Hozier has a knack for immediately recalling historic events. “I just know what I’m interested in,” he says. But there are few people that can immediately recall in detail a 1996 episode of Charlie Rose featuring Irish poet Seamus Heaney. “He was talking about the sense of infiniteness that he was left with after his Catholic upbringing, thinking about your eternal life,” he says. “I found that quite an interesting way of putting it.”
The “it” he refers to is his ongoing shedding of a Catholic upbringing in an increasingly secular Ireland. “People continue these things as tradition,” he says, again referencing the repealed 8th amendment on abortion. “You’ll find the church has lost so much influence and sway with everyday people.” And then there’s his birthday: March 17 a.k.a St. Patrick’s Day. He’s only celebrated once stateside, in 2015 when performing at Nashville’s Ryman Auditorium. “We just found a quiet bar and got trashed,” he said. This year he’ll turn 29 in Charlotte, North Carolina.
For all his Irish Catholic roots, Hozier is missing a key aspect of the identity: he’s not actually Catholic.
“My folks decided to raise to their kids as Quakers, not Catholics,” he said. However, Hozier and his brother Jon attended St. Gerard's Catholic high school in Bray, Ireland. Hozier, then just Andrew, would tune out his classmates preparing for their religious confirmation. “I would sit in the corner with one of the other students whose folks were from China,” he said. “We would be like ‘Right, just start my homework.’”
Watching Hozier perform at a recent taping for an upcoming episode of PBS’ Front and Center, it’s clear he’s not nearly shed the Catholic pomp and circumstance. His stage presence is unassuming. He wears a simple, one-tone suit and is accompanied by a band and cohort of backup singers all uniformly dressed in black. But once he starts singing, his voice drops several octaves, and the religiosity ascends.
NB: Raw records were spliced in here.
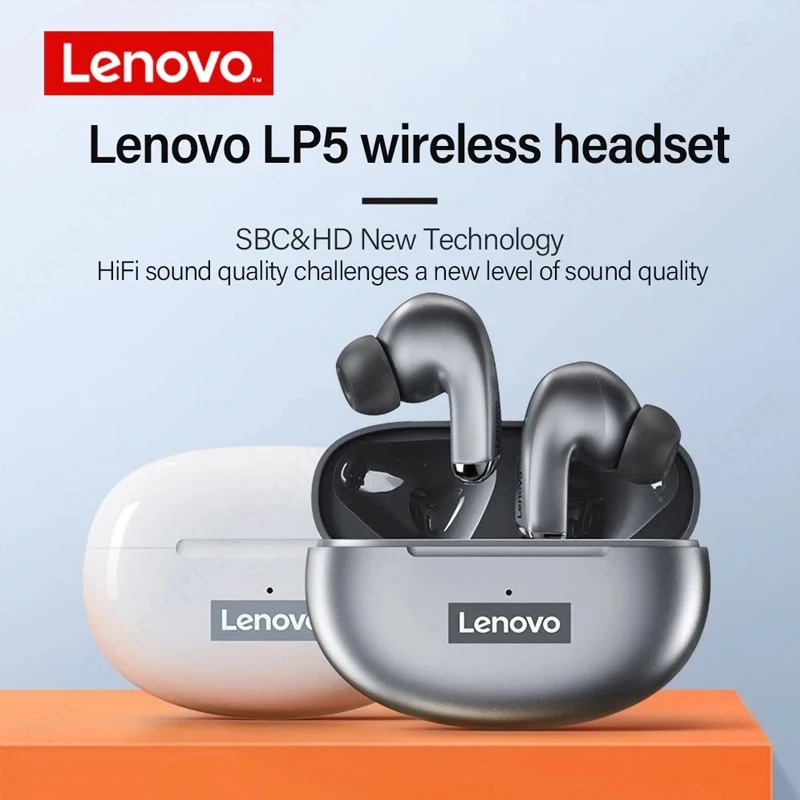 Original Lenovo LP5 Drahtlose Bluetooth Wifi Kopfhörer Mit Microfon silber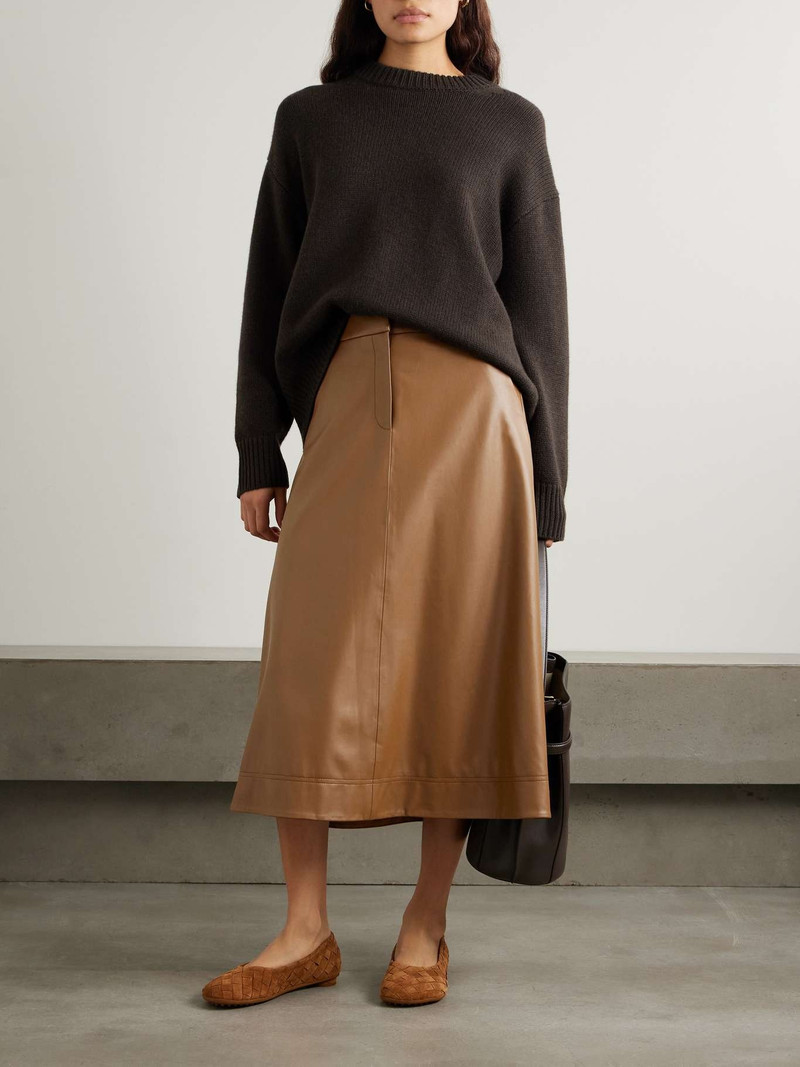 VERONICA BEARD Louise faux leather midi skirt Tan outlook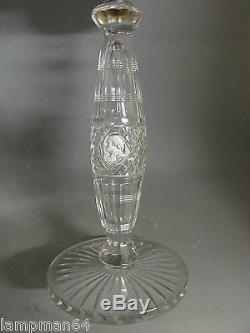 Rare Baccarat Sulphide Inclusions Shakespeare Cut Glass Oil Lamp Pellatt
On the low-tempo track “Shrike,” string chords call to his Gaelic roots, the poetic lyrics tell a fable of grief and an angelic melody that recalls Gregorian chants wraps it all in joyfulness. “The joke is always once the cross goes in, it doesn’t come out,” he says.
Once more he cites inspiration from another famed artist. This time it’s Irish-American singer Tom Waits, who once said, “We all like bad news out of a pretty mouth.” Hozier may not technically be Catholic, but he knows all too well the dichotomy of shame and salvation. “In a Catholic tradition,” he begins again, carefully choosing his words,“what lies beyond death is judgment: judgement of yourself as a person, how you failed to be the best person you could have been, and how you failed your God.”
As Hozier continues to reckon with his Catholic identity, he’s reached his own Judgement Day, rebuking the identities thrust upon him by the Church, his fans and press. He repeatedly expresses indifference to being categorized as a one-hit wonder and avoids discussing the meaning behind his songs.
It makes it difficult to understand who Hozier is. But perhaps it’s because he’s still learning to understand himself. “The lyrics sometimes make more sense to me when they’re read with an Irish voice,” he said of the culture’s wry, sarcastic humor. But he’s happy to be on the journey, wherever it may lead him and his career. “Nothing is scared. If you cannot laugh about things, if you cannot smile about them, really what is the point?”